During a July 12, 2021 episode of The Rubin Report, a conservative-leaning talk show where the host, Dave Rubin, uses long-form interviews to examine current social and political issues, Republican politician Kevin McCarthy evoked a rather tiresome talking point about Martin Luther King that set off a proverbial firestorm on social media. In less than 20 seconds, McCarthy pronounced the supposed inconsistencies between MLK’s “dream” and the tenets of Critical Race Theory (CRT). Citing school boards as the battleground for the next conservative campaign, the California Republican hoped to spark the ire of conservative parents by making a sweeping generalization of King’s legacy, claiming that proponents of CRT were “against everything Martin Luther King has ever told us: ‘Don’t judge us by the color of our skin,’ and “now they’re embracing it…they’re going backwards.” McCarthy’s claim trended on Twitter, as it was either criticized or embraced by those in the public square, oftentimes demarcated by one’s political self-identification as “right” or “left.”

McCarthy’s claim exposes how King’s legacy is sanitized by rightwing figures. He asserts that CRT does not only go against MLK’s “dream” in 1963, it goes against “everything Martin Luther King has ever told us.” This statement provides the crux of the issue. By emphasizing it goes against everything the Civil Rights leader “ever” told Americans about race relations, McCarthy and his conservative counterparts assume that the totality of King’s teachings are encapsulated in a single statement of one speech he gave in 1963. 

McCarthy surely knew he was preaching to the choir, as Dave Rubin has repeated the claim of King’s colorblindness throughout his Youtube career. Right-leaning pundits from organizations like Campus Reform and PragerU, both online platforms espousing conservative ideas intended to counter the liberal teachings on modern American Universities, have repeated similar talking points. 

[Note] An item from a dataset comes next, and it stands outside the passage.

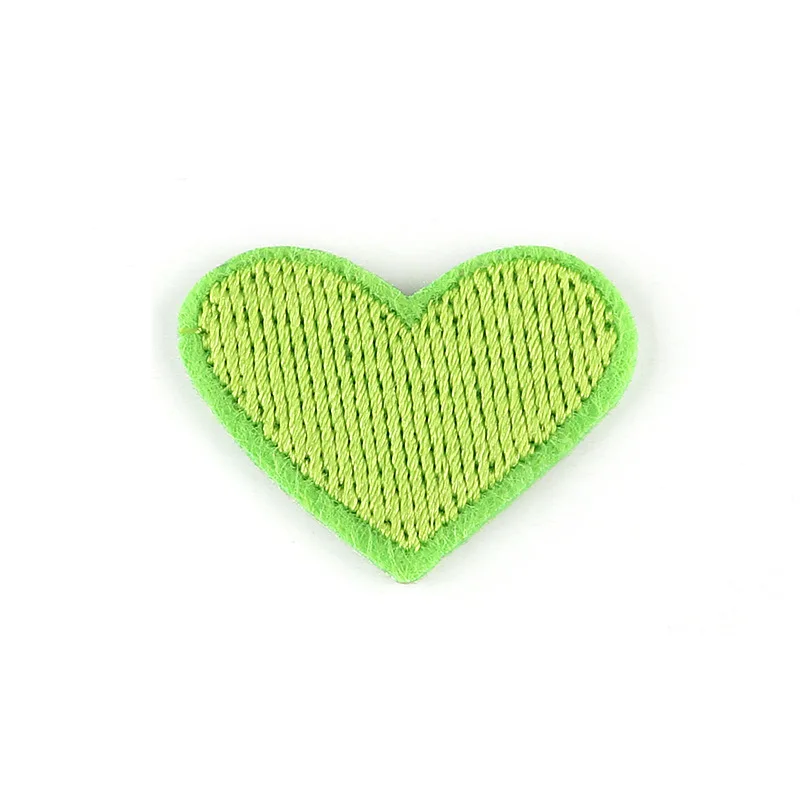 20pcs Della Miscela di Colori Mini Cuore di Patch Del Fumetto Carino Adesivi per I Vestiti Del Bambino Scarpe Cappelli Borse Iron On Sew On tessuto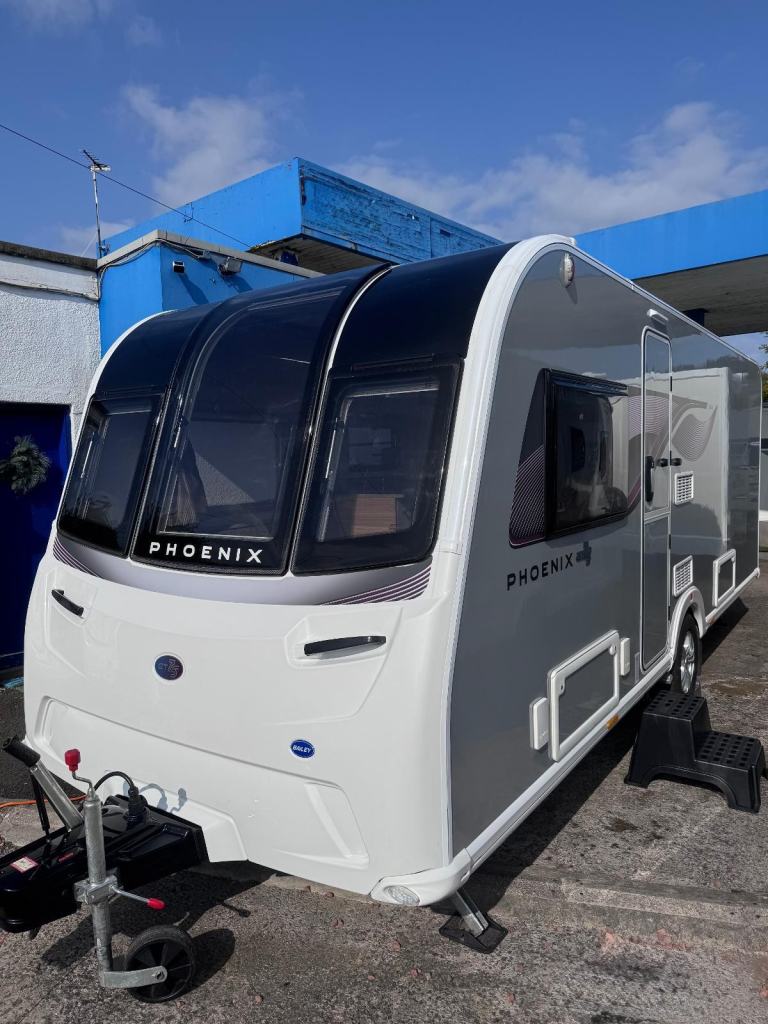 Bailey Phoenix 644, Yr.2024, Fixed Transverse Bed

As debates over Critical Race Theory overtook public discourse throughout the Summer of 2021, conservative commentators followed a familiar pattern of invoking a sanitized version of MLK’s legacy that relies upon a selective reading of his many public speeches. The tactic transforms King from a radical civil rights activist who criticized capitalismUS imperialismincome inequality, and white supremacy, into a harmless symbol who simply wanted Americans to transcend race and imagine that racial inequities are a problem of the past. This latter version of King was specifically molded by conservatives in the post-Civil Rights to reject movements seeking systemic change. For if the United States is truly “colorblind,” they argue, then any focus on race and racism is unnecessary.

Thankfully, scholars and left-leaning activists have not been silent on these misrepresentations. One cartoonist creatively reconstructed how an anti-CRT activist would react when confronted with King’s criticisms of structural racism in the United States. MLK’s daughter, Bernice King, has confronted McCarthy and rightwing politicians like Josh Mandel on Twitter, noting how both men are grossly misrepresenting both her father’s legacy and the lessons of CRT.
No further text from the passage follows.